International "Confluences" Symposium at Mathers Museum of World Cultures
An international symposium exploring the work of William Siegmann (1943-2011), an Indiana University alumnus who was a leading expert on the arts of Liberia and Sierra Leone, will be held at the Mathers Museum of World Cultures on Saturday, March 7, from 10 a.m. to 4 p.m. Confluences: Museums, Ethnography, and Art in the Work of William Siegmann will feature scholars of Liberia from multiple generations and from diverse fields--museums, art history, ethnography--who knew and worked with him.
Siegmann was particularly associated with West African masking traditions and performance, with an interest not only in their aesthetics, but in understanding the cultural meanings and context of those arts. During his career he served as a curator at the Africana and National Museums in Liberia; the Museum of the Society of African Missions African Art (NJ); the Fine Arts Museums of San Francisco; and the Brooklyn Museum of Art. He wrote extensively on Liberia and Sierra Leone, and on issues in museums and museum interpretation.

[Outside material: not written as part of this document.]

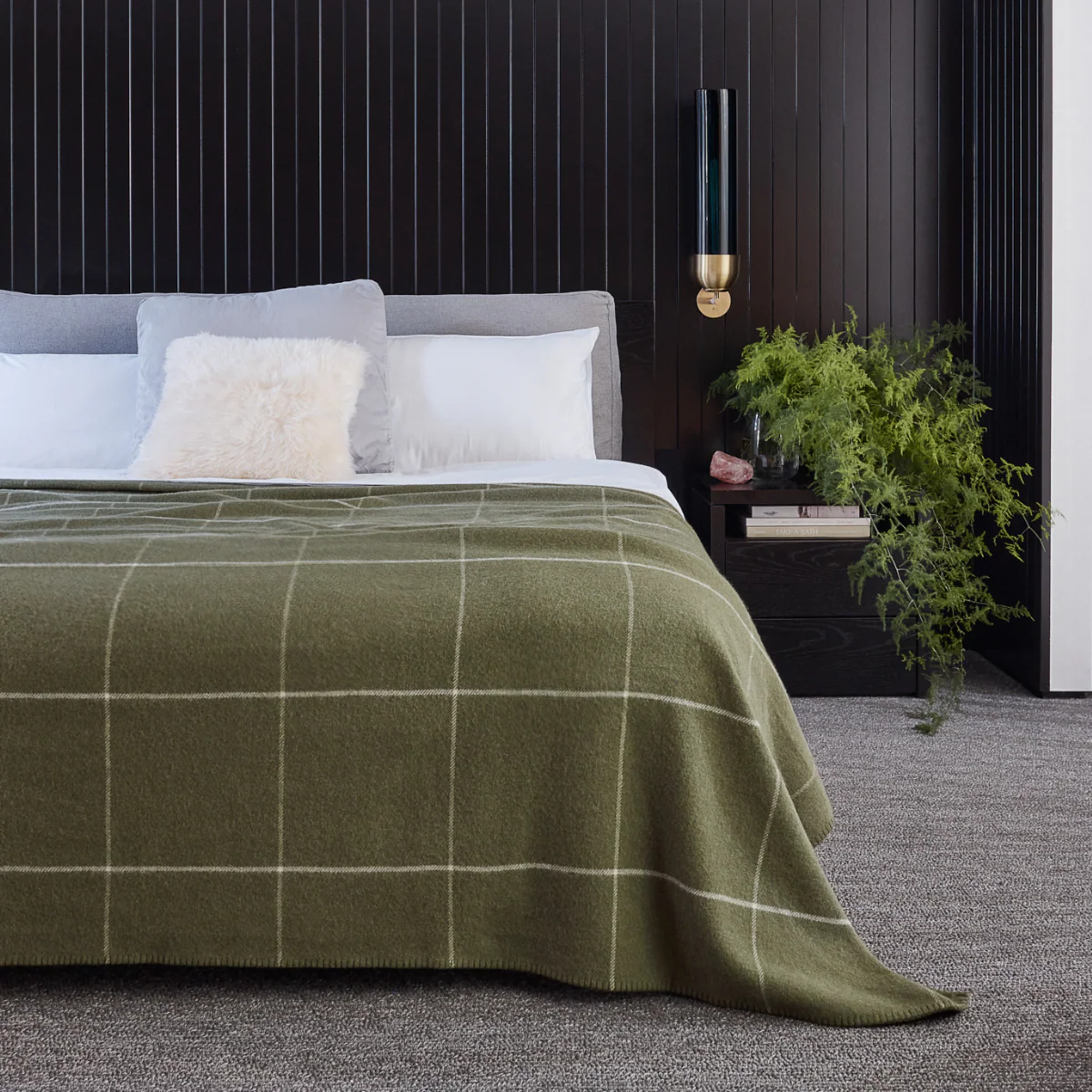 Fine Merino Wool Blanket Check - Image 11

The symposium's morning session will feature brief, prepared remarks addressing the depth and breadth of Siegman's commitment to his work and to Liberia. Roundtable discussions will be held during the afternoon, exploring themes developed during the morning presentations. Symposium presenters and participants include will Henrique Tokpa, the President of Cuttington University in Suacoco, Liberia, and MacArthur Pay-Bayee, a Liberian Land Commission Consultant, who both served as museum interns to Seigmann. Tokpa and Pay-Bayee will address the symposium from Liberia, via technology provided by IU's University Information Technology Services. Additional participants include Daniel Reed and Ruth Stone, from IU's Department of Folklore and Ethnomusicology; Chris Kreamer, Curator at the National Museum of African Art; Heinrich Schweizer, African Arts Specialist at Sotheby's; Mike Lee, photographer; Jeanette Carter, Liberian Land Commissioner; Fatorma Bolay and Joseph Ngafua Bolay, Liberian friends and colleagues of Siegmann; Lester Monts, University of Michigan ethnomusicologist; Indiana University Professor and Vice President Emeritus Patrick O'Meara; and Svend Holsoe, Professor of Anthropology at the University of Delaware.

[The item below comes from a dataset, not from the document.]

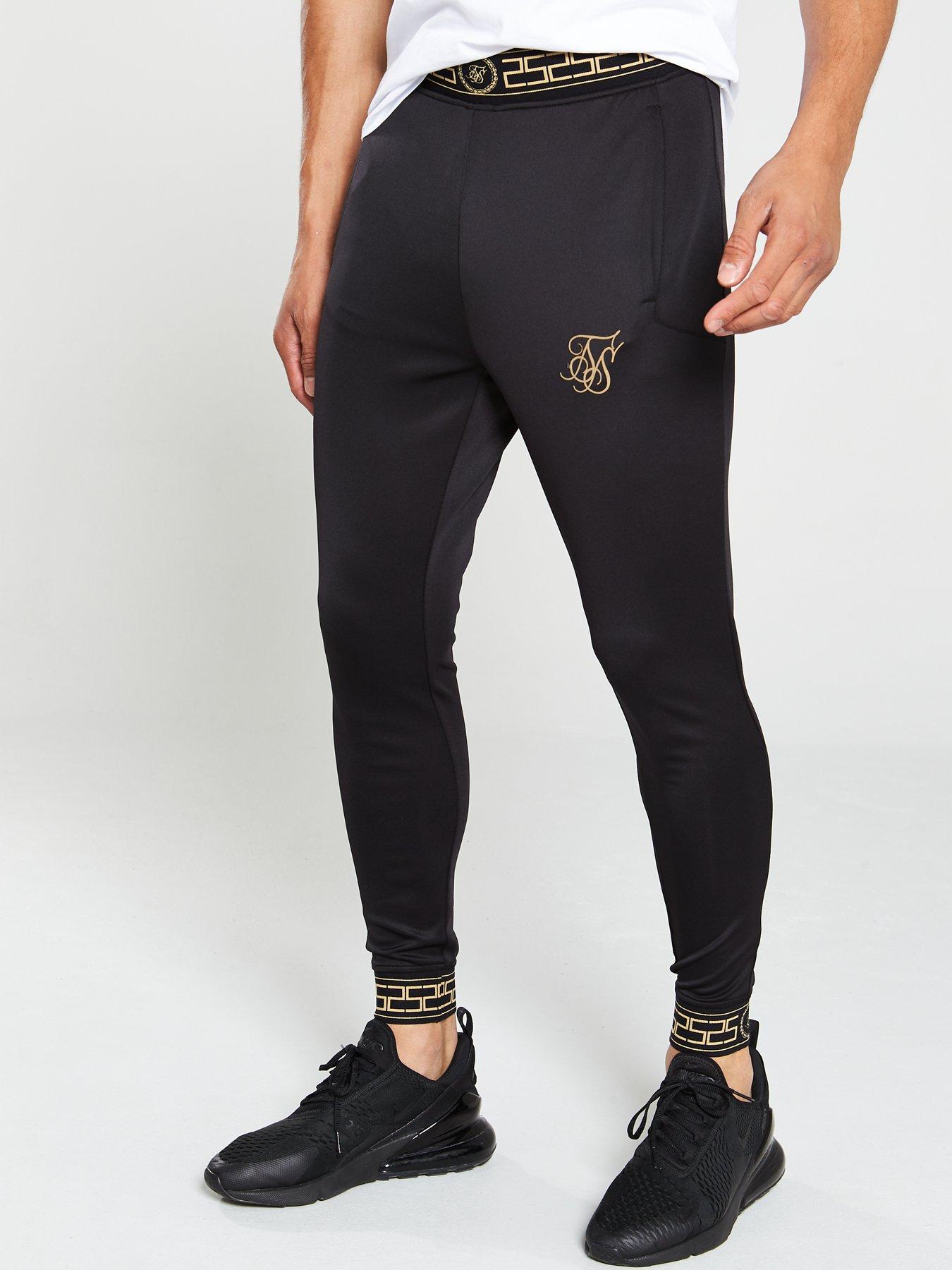 sik silk tracksuit bottoms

The symposium, which will be facilitated by Ellen Sieber, Chief Curator of Collections, and Jason Jackson, Director of the Mathers Museum of World Cultures, will be free and open to the public, but pre-registration is requested. Please email email@example.com for more information and to preregister for the symposium.
In conjunction with the symposium, the exhibit Photography from the Forest: Images by William Siegmann, will open at the Mathers Museum on March 7. The exhibit features photographs Siegmann took in Liberia over the course of two decades that reflect the role that Liberia played in his life, and the role he played in Liberia. The range of subjects and perspectives reveal the depth of his engagement with the country and its people, including abiding interests in both daily life and ceremonial occasions, and their side-by-side existence. The exhibit will be on display at the museum from March 7 through December 20, 2015.
Additionally, Visions from the Forest: The Art of Liberia and Sierra Leone, a major traveling exhibition developed by the Minneapolis Institute of Arts that features more than 70 objects collected by Siegmann, will be on display at the Indiana University Art Museum from March 8 through May 10.
The symposium is co-sponsored by the Siegmann Estate; the Mathers Museum of World Cultures; the Indiana University Liberian Collections/African Studies Collection, Indiana University Libraries; the Indiana University African Studies Program; and University Information Technology Services at Indiana University.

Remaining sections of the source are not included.